*Work to be completed*: The expected answer is the full listing, repeated exactly and free of images.

*Input data*:

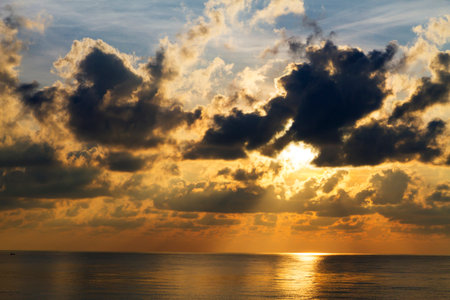 Sunrise on water in morning at beach Hat Ban Krut Prachuap Khiri Khan Province in Thailand is famous for travel and relaxの写真素材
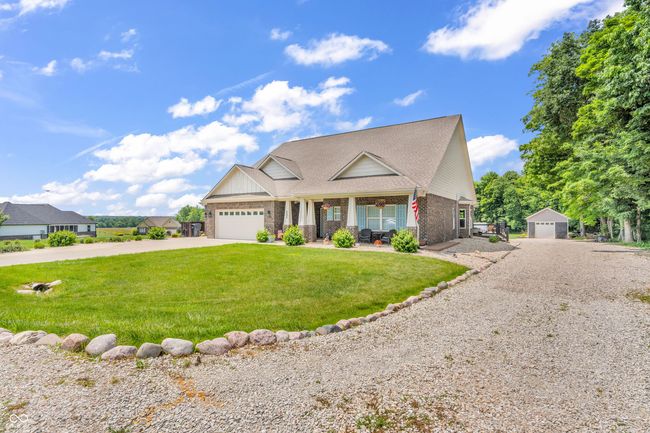 view of front of home with driveway leading to 16x24 detached garage | Image 45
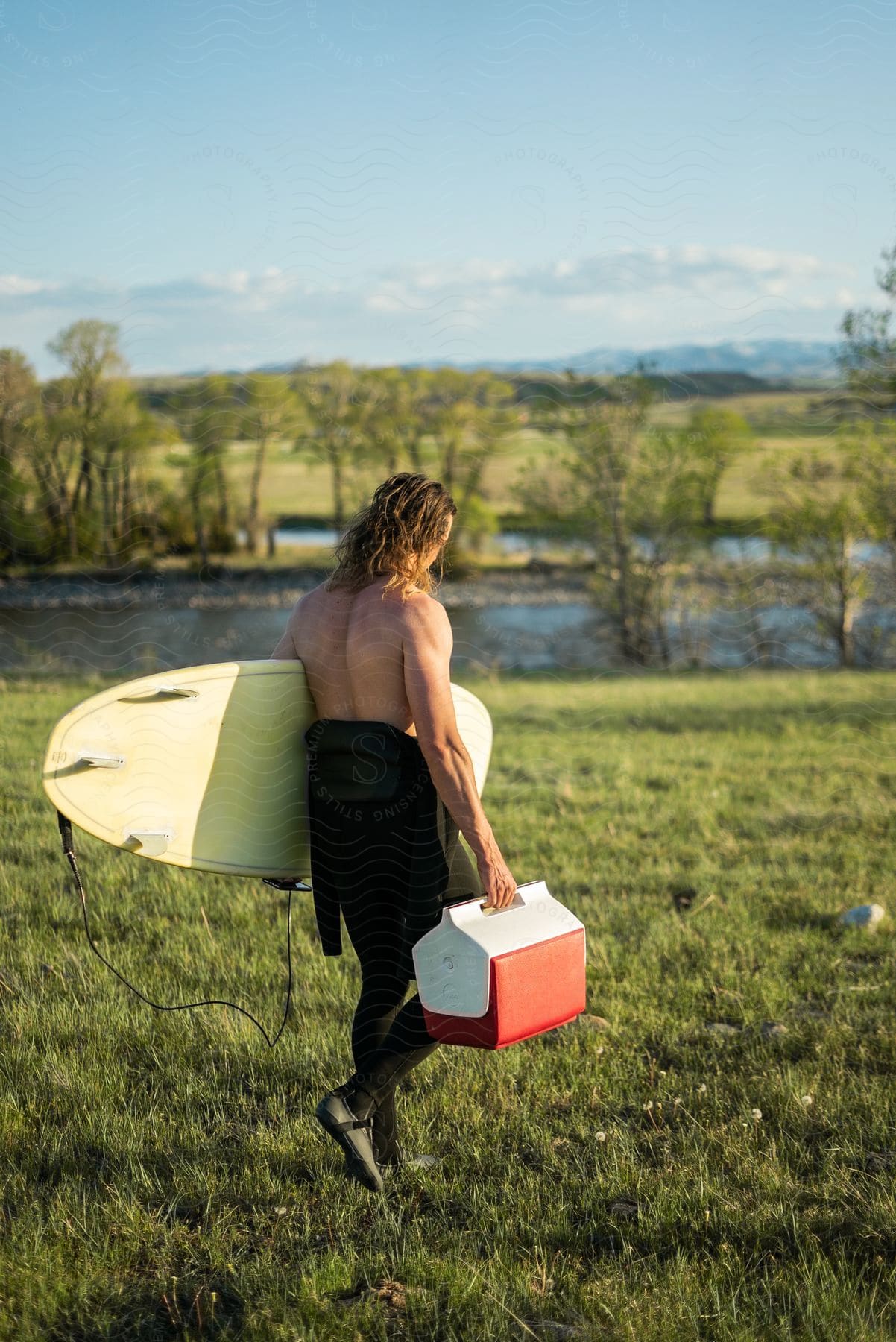 A man carries a surfboard and a cooler along a river in montana at dusk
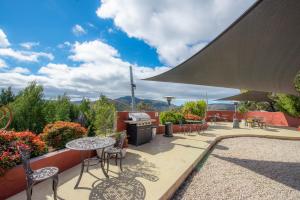 un patio con mesas, sillas y una parrilla en Eagle View Escape, en Rydal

*Task answer*:
 Sunrise on water in morning at beach Hat Ban Krut Prachuap Khiri Khan Province in Thailand is famous for travel and relaxの写真素材
 view of front of home with driveway leading to 16x24 detached garage | Image 45
 A man carries a surfboard and a cooler along a river in montana at dusk
 un patio con mesas, sillas y una parrilla en Eagle View Escape, en Rydal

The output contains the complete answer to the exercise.